STRUCTURAL VERIFICATION IS NOT RUNTIME VERIFICATION:

❌ NOT Verification	✅ IS Verification
"Code exists in file"	"Code ran and produced output X"
"Function is defined"	"Function was called and returned Y"
"Grep found the pattern"	"Program output shows expected behavior"
"ast-grep found the code"	"Test executed and passed with output"
"Diff shows the change"	"Change tested with actual input/output"
"Implementation looks correct"	"Ran test, saw PASS in logs"

The key difference:

Structural: "The code IS THERE" (useless)
Runtime: "The code WORKS" (valid)

If you find yourself saying "the code exists" or "I verified the implementation" without running it, STOP - you're doing structural analysis, not verification.

Why Skipping Hurts the Thing You Care About Most

Your Drive	Why You Skip	What Actually Happens	The Drive You Failed
Helpfulness	"Report 'verified' to unblock the user"	The user discovers the failure — your shortcut created rework	Anti-helpful
Competence	"I'm confident it works without running it"	Confidence without evidence is delusion, not competence	Incompetent
Efficiency	"Prior tests still pass, skip fresh evidence"	They don't — your assumption is the bug the user discovers	Inefficient

The protocol is not overhead you pay.
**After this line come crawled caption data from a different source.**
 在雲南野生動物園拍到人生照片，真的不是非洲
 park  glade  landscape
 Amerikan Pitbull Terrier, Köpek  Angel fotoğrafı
It is the service you provide.

Verification Patterns

Tests

bash

# Run tests (e.g., npm test, pytest, cargo test)
npm test

# Check results: "34/34 pass" = can claim tests pass
# "33/34 pass" = cannot claim success (partial fail)

Tool description: Run automated test suite to verify all tests pass

Regression Test

bash

# 1. Write test → run (should fail initially)
# 2. Apply fix → run (should pass)
# 3. Revert fix → run (must fail again to confirm fix)
# 4. Restore fix → run (must pass to confirm success)

Tool description: Execute regression test cycle to validate bug fix reproducibility

Build

bash

npm run build && echo "Exit code: $?"
# Must see "Exit code: 0" to claim success

Tool description: Build application and verify exit code is 0

Goal-Backward Verification (Subagent)

After technical tests pass, spawn the dev-verifier agent to check that phase GOALS were achieved, not just tasks completed:

Tool Restrictions: The verifier is READ-ONLY. It runs tests via Bash and reads output but MUST NOT use Write or Edit.

Agent(subagent_type="workflows:dev-verifier",
      allowed_tools=["Read", "Glob", "Grep", "Bash(read-only)"],
      prompt="""
Verify that the dev workflow goals have been achieved for this feature.

**Tool Restrictions:** You are READ-ONLY. You MUST NOT use Write or Edit tools. You run tests and read output to verify goals — you do NOT modify code. If you find gaps, you report them — the main chat fixes them.

Read these files:
- .planning/SPEC.md (requirements and success criteria)
- .planning/PLAN.md (implementation plan)
- .planning/STATE.md (workflow state)

For each success criterion in SPEC.md, verify with FRESH runtime evidence that the goal was met.
Task completion ≠ goal achievement. A file existing ≠ feature working.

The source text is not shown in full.